Instructions for the task: The lines to reproduce from the material below are those from the one containing "2022 Honda Civic EX - Photo 16" through the one containing "藤　カゴ　大きめ　BOX 色々まとめて", both included; write them out exactly and add nothing.

* * * * * * *

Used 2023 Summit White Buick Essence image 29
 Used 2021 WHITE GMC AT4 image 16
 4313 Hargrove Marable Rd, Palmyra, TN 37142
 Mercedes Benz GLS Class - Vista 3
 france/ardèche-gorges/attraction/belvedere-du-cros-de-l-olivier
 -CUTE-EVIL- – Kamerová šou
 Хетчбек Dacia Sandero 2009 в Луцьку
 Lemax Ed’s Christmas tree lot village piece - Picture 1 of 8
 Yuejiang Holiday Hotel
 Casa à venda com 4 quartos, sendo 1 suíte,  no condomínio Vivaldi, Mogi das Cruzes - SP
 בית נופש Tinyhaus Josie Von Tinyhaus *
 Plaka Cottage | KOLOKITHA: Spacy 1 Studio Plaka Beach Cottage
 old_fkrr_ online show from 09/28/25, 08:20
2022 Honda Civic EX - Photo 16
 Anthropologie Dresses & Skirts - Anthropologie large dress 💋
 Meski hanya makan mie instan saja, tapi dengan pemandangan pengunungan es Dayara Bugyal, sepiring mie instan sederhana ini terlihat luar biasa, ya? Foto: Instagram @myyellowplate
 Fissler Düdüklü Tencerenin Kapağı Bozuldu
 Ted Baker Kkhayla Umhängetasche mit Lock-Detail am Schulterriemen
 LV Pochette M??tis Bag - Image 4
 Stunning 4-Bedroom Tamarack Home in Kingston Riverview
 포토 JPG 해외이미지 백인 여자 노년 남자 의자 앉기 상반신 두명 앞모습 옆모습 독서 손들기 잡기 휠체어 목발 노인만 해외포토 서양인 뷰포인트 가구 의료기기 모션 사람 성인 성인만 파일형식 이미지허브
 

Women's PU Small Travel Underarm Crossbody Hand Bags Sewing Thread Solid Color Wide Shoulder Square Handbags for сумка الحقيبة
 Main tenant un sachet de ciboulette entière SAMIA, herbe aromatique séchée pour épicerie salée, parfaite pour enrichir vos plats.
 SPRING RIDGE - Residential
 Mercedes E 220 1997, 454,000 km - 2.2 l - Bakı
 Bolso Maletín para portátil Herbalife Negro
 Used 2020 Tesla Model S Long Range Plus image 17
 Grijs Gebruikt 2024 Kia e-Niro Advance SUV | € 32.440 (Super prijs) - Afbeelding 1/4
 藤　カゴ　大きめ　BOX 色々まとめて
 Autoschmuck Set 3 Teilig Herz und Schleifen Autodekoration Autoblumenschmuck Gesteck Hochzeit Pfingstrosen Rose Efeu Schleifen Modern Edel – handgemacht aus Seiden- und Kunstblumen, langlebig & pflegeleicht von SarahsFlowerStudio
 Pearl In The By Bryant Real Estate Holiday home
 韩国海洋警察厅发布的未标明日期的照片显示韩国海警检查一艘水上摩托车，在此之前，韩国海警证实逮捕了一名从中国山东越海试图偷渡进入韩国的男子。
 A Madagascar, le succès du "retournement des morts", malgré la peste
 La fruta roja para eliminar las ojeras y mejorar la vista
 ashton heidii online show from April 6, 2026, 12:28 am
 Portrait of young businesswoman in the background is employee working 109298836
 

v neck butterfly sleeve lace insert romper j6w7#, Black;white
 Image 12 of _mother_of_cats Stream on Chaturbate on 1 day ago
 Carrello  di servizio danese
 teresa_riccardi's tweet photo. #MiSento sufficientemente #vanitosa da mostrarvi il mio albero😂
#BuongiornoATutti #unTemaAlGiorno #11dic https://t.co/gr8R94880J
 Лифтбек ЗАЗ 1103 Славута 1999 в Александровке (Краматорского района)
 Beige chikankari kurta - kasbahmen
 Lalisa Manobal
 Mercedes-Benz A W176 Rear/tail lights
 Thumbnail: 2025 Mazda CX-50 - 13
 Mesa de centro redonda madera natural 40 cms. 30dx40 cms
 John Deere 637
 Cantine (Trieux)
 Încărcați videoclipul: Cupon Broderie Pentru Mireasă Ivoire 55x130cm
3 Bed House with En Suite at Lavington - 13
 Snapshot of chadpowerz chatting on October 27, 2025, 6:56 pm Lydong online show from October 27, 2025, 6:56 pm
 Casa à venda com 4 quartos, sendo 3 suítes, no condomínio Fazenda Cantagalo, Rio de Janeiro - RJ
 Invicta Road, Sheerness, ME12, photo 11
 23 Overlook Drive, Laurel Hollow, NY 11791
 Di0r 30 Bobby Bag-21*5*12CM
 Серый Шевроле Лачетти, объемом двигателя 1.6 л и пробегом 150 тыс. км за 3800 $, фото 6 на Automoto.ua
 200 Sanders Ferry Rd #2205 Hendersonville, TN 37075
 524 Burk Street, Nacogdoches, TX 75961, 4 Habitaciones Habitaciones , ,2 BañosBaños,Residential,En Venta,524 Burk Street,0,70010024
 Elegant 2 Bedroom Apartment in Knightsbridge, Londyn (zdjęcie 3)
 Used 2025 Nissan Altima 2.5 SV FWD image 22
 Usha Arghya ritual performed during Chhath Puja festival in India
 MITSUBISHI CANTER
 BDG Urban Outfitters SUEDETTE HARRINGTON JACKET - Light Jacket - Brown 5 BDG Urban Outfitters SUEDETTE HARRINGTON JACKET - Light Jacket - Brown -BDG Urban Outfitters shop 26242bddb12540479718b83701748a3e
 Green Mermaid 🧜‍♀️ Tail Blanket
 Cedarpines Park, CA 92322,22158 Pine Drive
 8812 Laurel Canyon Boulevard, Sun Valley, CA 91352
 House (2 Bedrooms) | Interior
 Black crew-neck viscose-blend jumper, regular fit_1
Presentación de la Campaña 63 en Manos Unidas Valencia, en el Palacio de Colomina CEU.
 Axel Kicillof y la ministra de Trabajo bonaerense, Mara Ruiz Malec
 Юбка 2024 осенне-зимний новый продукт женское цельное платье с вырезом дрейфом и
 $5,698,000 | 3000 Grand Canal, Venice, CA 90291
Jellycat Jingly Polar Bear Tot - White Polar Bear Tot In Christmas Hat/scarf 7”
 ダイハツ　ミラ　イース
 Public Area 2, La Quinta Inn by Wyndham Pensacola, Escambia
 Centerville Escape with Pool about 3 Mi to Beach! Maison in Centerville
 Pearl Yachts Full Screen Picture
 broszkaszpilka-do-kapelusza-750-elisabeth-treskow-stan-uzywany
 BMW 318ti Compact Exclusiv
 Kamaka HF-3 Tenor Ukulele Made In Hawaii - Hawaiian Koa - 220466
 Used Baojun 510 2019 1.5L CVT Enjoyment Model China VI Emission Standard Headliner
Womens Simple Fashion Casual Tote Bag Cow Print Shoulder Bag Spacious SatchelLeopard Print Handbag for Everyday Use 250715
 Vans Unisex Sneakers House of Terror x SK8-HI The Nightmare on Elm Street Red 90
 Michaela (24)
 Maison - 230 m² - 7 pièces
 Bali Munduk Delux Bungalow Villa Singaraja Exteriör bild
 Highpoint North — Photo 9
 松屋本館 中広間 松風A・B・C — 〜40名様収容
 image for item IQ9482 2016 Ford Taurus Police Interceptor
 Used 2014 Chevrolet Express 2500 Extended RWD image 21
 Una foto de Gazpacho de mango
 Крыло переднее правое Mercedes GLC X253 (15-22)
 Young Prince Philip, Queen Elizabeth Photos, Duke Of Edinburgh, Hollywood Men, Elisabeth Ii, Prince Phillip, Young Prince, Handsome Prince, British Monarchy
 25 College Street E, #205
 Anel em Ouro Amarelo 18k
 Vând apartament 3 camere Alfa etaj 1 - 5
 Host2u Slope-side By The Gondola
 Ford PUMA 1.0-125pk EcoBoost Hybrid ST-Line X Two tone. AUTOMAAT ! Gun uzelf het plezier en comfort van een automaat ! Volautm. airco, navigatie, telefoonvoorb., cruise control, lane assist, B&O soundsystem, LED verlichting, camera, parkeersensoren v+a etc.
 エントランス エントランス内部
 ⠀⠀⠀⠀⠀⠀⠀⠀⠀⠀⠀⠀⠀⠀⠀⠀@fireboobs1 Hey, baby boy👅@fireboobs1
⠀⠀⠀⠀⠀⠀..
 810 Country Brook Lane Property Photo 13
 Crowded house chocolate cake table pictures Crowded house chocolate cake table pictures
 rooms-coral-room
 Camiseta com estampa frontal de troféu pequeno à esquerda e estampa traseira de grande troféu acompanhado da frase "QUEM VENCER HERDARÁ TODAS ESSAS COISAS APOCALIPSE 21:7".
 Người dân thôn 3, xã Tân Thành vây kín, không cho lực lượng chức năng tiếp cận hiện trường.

* * * * * * *

Solved problem:
2022 Honda Civic EX - Photo 16
 Anthropologie Dresses & Skirts - Anthropologie large dress 💋
 Meski hanya makan mie instan saja, tapi dengan pemandangan pengunungan es Dayara Bugyal, sepiring mie instan sederhana ini terlihat luar biasa, ya? Foto: Instagram @myyellowplate
 Fissler Düdüklü Tencerenin Kapağı Bozuldu
 Ted Baker Kkhayla Umhängetasche mit Lock-Detail am Schulterriemen
 LV Pochette M??tis Bag - Image 4
 Stunning 4-Bedroom Tamarack Home in Kingston Riverview
 포토 JPG 해외이미지 백인 여자 노년 남자 의자 앉기 상반신 두명 앞모습 옆모습 독서 손들기 잡기 휠체어 목발 노인만 해외포토 서양인 뷰포인트 가구 의료기기 모션 사람 성인 성인만 파일형식 이미지허브
 

Women's PU Small Travel Underarm Crossbody Hand Bags Sewing Thread Solid Color Wide Shoulder Square Handbags for сумка الحقيبة
 Main tenant un sachet de ciboulette entière SAMIA, herbe aromatique séchée pour épicerie salée, parfaite pour enrichir vos plats.
 SPRING RIDGE - Residential
 Mercedes E 220 1997, 454,000 km - 2.2 l - Bakı
 Bolso Maletín para portátil Herbalife Negro
 Used 2020 Tesla Model S Long Range Plus image 17
 Grijs Gebruikt 2024 Kia e-Niro Advance SUV | € 32.440 (Super prijs) - Afbeelding 1/4
 藤　カゴ　大きめ　BOX 色々まとめて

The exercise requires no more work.